- **DATA PROVIDED**
=== Begin Enclosure ===

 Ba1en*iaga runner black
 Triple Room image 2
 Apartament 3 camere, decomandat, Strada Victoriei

=== End Enclosure ===
=== Begin Enclosure ===

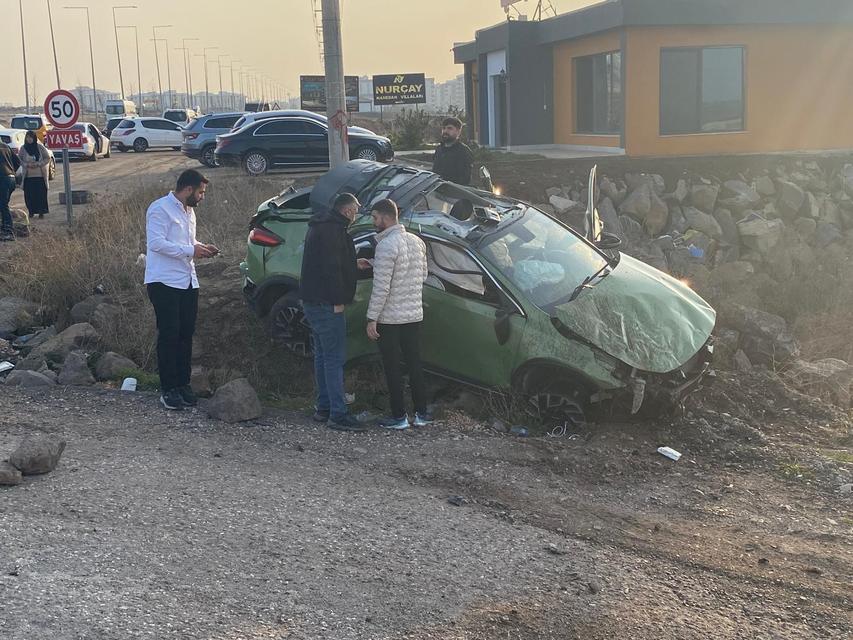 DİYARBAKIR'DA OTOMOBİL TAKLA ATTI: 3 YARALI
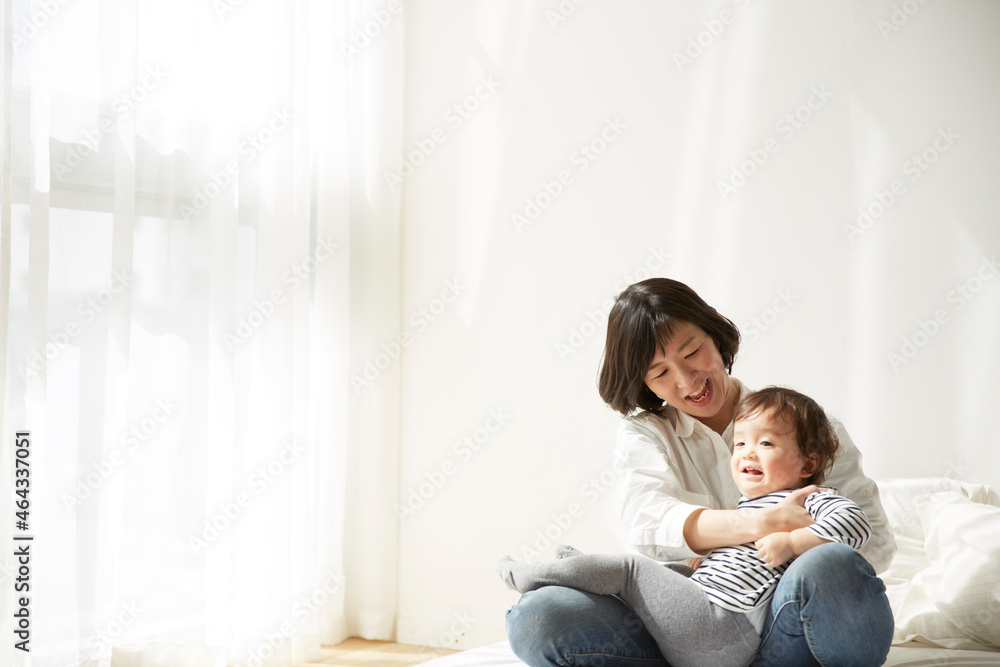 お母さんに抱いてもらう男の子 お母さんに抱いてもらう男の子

=== End Enclosure ===
=== Begin Enclosure ===

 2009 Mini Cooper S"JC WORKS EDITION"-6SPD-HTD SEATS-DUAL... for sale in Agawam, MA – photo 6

=== End Enclosure ===

Within the listing above, extract exactly the lines from the line with "Ba1en*iaga runner black" to the line with "Apartament 3 camere, decomandat, Strada", the two named lines included, and no others.

 Ba1en*iaga runner black
 Triple Room image 2
 Apartament 3 camere, decomandat, Strada Victoriei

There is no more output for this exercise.